STATE OF MINNESOTA
Tax Court Page, J.
Took no part, Blatz, C.J.
In Re Rahr Malting Company, Petitioner.
In Re Rahr Malting Company,
vs. Filed: August 2, 2001
Office of Appellate Courts
County of Scott,
S Y L L A B U S
The tax court did not exercise its power in a manner unauthorized by law when it refused the taxpayer’s request to close the trial to the public and seal certain court records, where, on the record presented, the taxpayer made only conclusory allegations of possible harm and failed to explain how the information it sought to protect qualify as trade secrets.
Petition for writ denied, remanded for further proceedings.
Heard, considered, and decided by the court en banc.
Through a petition for a writ of prohibition, Rahr Malting Company (Rahr) asks this court to prohibit the Minnesota Tax Court from holding a public trial in its appeal of a tax valuation of its malting facility. The tax court denied Rahr’s motion to close portions of the trial to the public and to seal portions of the record to protect certain proprietary information. Rahr claims that, if the tax court does not protect the privacy of its proprietary information and the information becomes available to its competitors and customers, the disclosure will have a devastating negative impact on its business. We decline to issue a writ of prohibition, but remand for further proceedings consistent with this opinion.

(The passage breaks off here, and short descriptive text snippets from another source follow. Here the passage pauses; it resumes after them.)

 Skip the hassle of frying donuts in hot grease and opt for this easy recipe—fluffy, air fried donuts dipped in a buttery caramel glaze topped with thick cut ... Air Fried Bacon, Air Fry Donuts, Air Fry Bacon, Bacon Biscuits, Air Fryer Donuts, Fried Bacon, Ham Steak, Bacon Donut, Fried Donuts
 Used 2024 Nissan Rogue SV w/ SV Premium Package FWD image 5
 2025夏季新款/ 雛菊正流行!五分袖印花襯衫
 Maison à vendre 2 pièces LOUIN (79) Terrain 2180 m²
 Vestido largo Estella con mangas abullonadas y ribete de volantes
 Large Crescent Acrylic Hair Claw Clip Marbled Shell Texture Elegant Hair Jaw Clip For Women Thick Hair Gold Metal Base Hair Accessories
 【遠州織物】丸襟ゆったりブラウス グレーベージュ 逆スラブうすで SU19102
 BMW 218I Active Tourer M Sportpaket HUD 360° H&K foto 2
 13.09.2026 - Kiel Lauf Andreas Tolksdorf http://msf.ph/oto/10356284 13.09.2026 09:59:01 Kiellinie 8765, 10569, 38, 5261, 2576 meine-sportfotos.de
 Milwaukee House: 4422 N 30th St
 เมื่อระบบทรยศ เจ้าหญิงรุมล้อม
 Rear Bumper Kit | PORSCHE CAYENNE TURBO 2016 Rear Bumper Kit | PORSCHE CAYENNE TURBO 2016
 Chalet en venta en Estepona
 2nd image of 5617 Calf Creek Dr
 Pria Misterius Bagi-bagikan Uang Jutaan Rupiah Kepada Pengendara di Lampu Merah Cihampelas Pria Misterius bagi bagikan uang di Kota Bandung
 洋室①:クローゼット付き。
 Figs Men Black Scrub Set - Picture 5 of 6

Rahr is a privately held company with a malting plant in Shakopee, Minnesota. Rahr challenged Scott County’s property tax assessment of its Shakopee facility for tax years 1998 and 1999. Without opposition from the county, Rahr obtained a protective order from the tax court deeming all information given to the county by Rahr to be data classified under the Minnesota Government Data Practices Act as nonpublic data. See Minn. Stat. § 13.51, subd. 2 (2000). The protective order provided that the classification of the information was to continue “[d]uring the pendency of this action, including any and all appeals.”
After discovery was complete, Rahr learned that the county would not agree to close the trial to maintain the confidentiality of the data it had provided. Rahr filed a motion in limine with the tax court asking the court, consistent with its protection order, to close the trial to the public “during any testimony pertaining to trade secrets and proprietary information.” In support of this motion, Rahr submitted the affidavit of its Chief Executive Officer, John Alsip. According to Alsip, Rahr is one of four major malt producers in the United States and has only two main customers. At the hearing on the motion, which was apparently open to the public, Alsip testified that if Rahr’s customers obtained the data Rahr provided to the county during discovery the customers could force down Rahr’s marginal profits. He also claimed that if Rahr’s competitors obtained the data they could price against Rahr in a manner that would threaten Rahr’s viability. Alsip noted that Rahr is a relatively small company compared to its competitors and is especially careful with the data, allowing access only to essential employees and key shareholders.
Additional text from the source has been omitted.